How was your LP performed. For example, where you sitting bent over, lying on your side? I had a higher pressure when I had my last one as I was sitting up and bent over for this one. The fluid comes out pretty quickly in this position. My ICP was 30, but the doctor was not too concerned.
There are other reasons for it to be high, but I would ask the doctor what he thinks rather than speculate on your own. Do you know how high it was?
Increased spinal pressure can mean pseudotumor cerebri also called intracranial hypertension. It is frequently seen with swelling of the optic disc called papilledema.

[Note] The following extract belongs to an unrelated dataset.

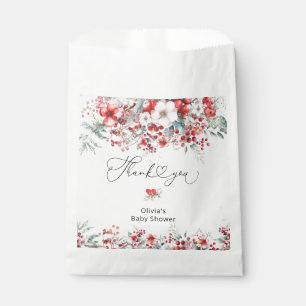 Winter Red Floral Foliage Baby Shower Thank You Favour Bag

So that is probably why he wants you to see the opthamolgist again.
For adults: performed while you lie on your side, with knees slightly bent forward.
Normal pressure readings are generally below 200mm/H2O. (20)

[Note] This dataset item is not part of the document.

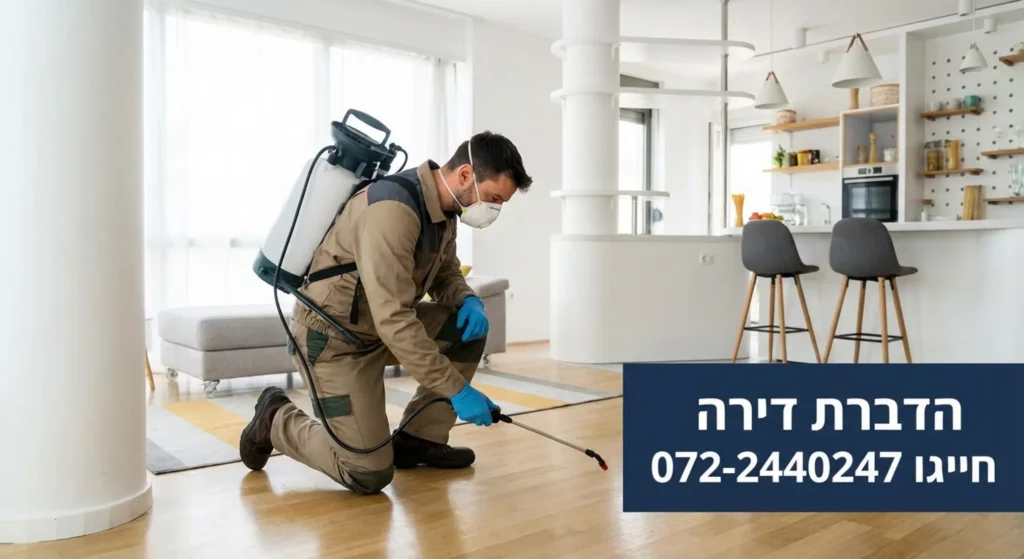 מדביר בציוד הדברה לריסוס רצפה בדירה מודרנית.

Borderline high pressure readings are between 200-250mm/H2O.(20-25)
Anything above 250mm/H2O is considered a high pressure reading.(25)
Optic neuritis is an inflammation of the optic nerve that may have optic nerve swelling associated with it, but usually doesn't. Most cases of optic neuritis are self limited and get better on their own.
Papilledema is a condition in which the optic nerves are swollen but there is no inflammation and the underlying cause is increased pressure in the fluids of the brain.
Here is a good site if you want to read about Intracranial Hypertension. http://www.ihrfoundation.org/
Check out the tabs to give you a good idea of the symptoms. Their are many forums for IH also.
Let me know if you want links to them.
Is this elevated fluid, or this papilledema, a problem that can occur with ms. I still haven't been dx, my neuro won't dx me with only one lesion, that's why he did the LP.
I have alot of the ms sx, and did have an episode of ON, but has according to the Opthamalogist cleared up. No one in my family has this other condition, but my sister has ms. Can ms cause this problem?
ON usually occurs with MS
Papilledema usually occurs with IH
However, there are people that are diagnosed with both.